Adani Ports (APSEZ) reported a strong Q3 FY26 with revenue up 22% year-on-year to ₹9,705 crore and EBITDA rising 20% to ₹5,786 crore. Driven by exceptional growth in its logistics and marine businesses, alongside contributions from recent international acquisitions, the company raised its full-year EBITDA guidance by ₹800 crore to ₹22,800 crore. This performance has reinforced a bullish analyst sentiment, with several firms maintaining 'Buy' or 'Overweight' ratings and revising price targets upward.

### Stellar Q3 Performance Fuels Growth

Adani Ports and Special Economic Zone Ltd. (APSEZ) demonstrated robust financial and operational performance in the third quarter of FY26, reporting a 22% year-on-year increase in revenue to ₹9,705 crore. Earnings Before Interest, Taxes, Depreciation, and Amortization (EBITDA) grew by 20% to ₹5,786 crore, with margins holding steady around 60%. This strong showing, inline with market expectations, has propelled the stock, with shares seeing a significant surge following the announcement. The company's ability to consistently deliver results, underscored by a 21% year-on-year rise in consolidated net profit to ₹3,043 crore, reinforces its position as India's largest integrated transport utility.

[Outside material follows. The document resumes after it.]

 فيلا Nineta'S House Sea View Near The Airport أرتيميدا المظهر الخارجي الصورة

### Integrated Model Drives Segmental Strength

The quarter's success was largely attributed to the stellar performance across APSEZ's core business verticals. The logistics segment emerged as a primary growth engine, with revenue escalating by 62% year-on-year to ₹1,121 crore, driven by the expansion of asset-light services like trucking and international freight networks. The marine business also posted significant gains, with revenue jumping 91% year-on-year to ₹773 crore and EBITDA more than doubling, bolstered by ongoing vessel acquisitions. International port operations crossed a key milestone, with quarterly revenue exceeding ₹1,000 crore for the first time at ₹1,067 crore, reflecting the strategic benefits of global expansion, including the recent consolidation of NQXT Australia. Domestically, ports achieved a lifetime high in EBITDA, and APSEZ maintained a dominant 45.8% share in the all-India container market.

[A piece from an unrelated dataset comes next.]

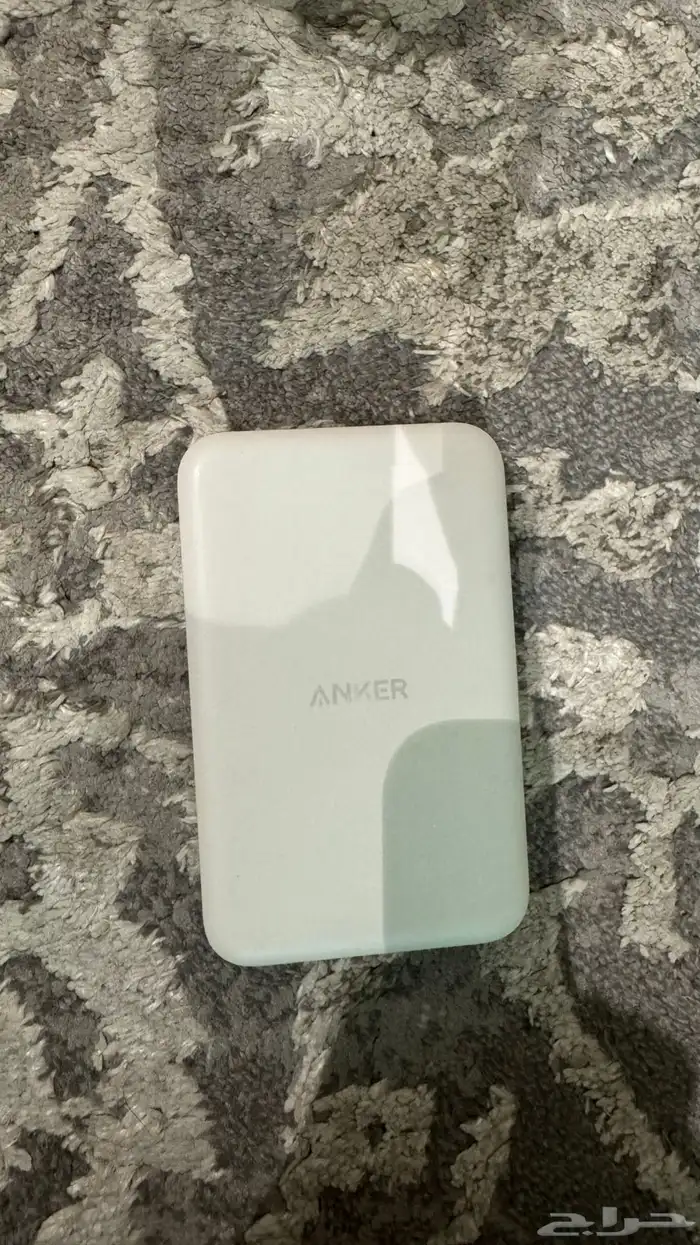 شاحن لاسلكي انكر اصلي 1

### Analysts Reinforce Bullish Stance Amid Strategic Expansion

Following the strong Q3 results, brokerage firms have largely maintained a positive outlook on APSEZ. Motilal Oswal Financial Services reiterated its 'Buy' rating, adjusting its target price to ₹1,770-₹1,850, citing the company's multi-year expansion potential. Investec also hiked its target price and maintained a 'Buy' recommendation, highlighting APSEZ as a key beneficiary of trade dynamics and port expansions. Morgan Stanley expressed a bullish sentiment with an 'Overweight' call and a target of ₹1,661. These endorsements come as APSEZ has raised its full-year FY26 EBITDA guidance by ₹800 crore to ₹22,800 crore, reflecting both stronger organic growth and the inclusion of its Australian acquisitions. The company's financial health remains robust, with a net debt-to-EBITDA ratio of 1.9 times and a healthy cash balance of ₹11,800 crore, positioning it well for sustained expansion and a target of handling one billion tonnes of cargo by 2030. While a few conflicting reports exist, including a downgrade to 'Sell' by one agency citing technicals and valuation concerns on February 2, 2026, the dominant analyst consensus, supported by credit rating upgrades to 'Stable' from Fitch and 'A-' from JCR, points towards a positive trajectory.

### Sectoral Tailwinds and Future Trajectory

APSEZ's strategic initiatives align with India's broader economic agenda. The Union Budget 2026-27 emphasizes infrastructure development and logistics enhancement, signaling a policy environment conducive to the port and transport sectors. With an expected CAGR of 16% in revenue and EBITDA, and 19% in PAT over FY25-FY28, APSEZ is projected to grow faster than the industry. The company's integrated port-led model, bolstered by ongoing capacity enhancements and a pipeline of global acquisitions, provides strong visibility for continued growth into FY26 and beyond, positioning it to capitalize on India's emergence as a critical global supply chain hub.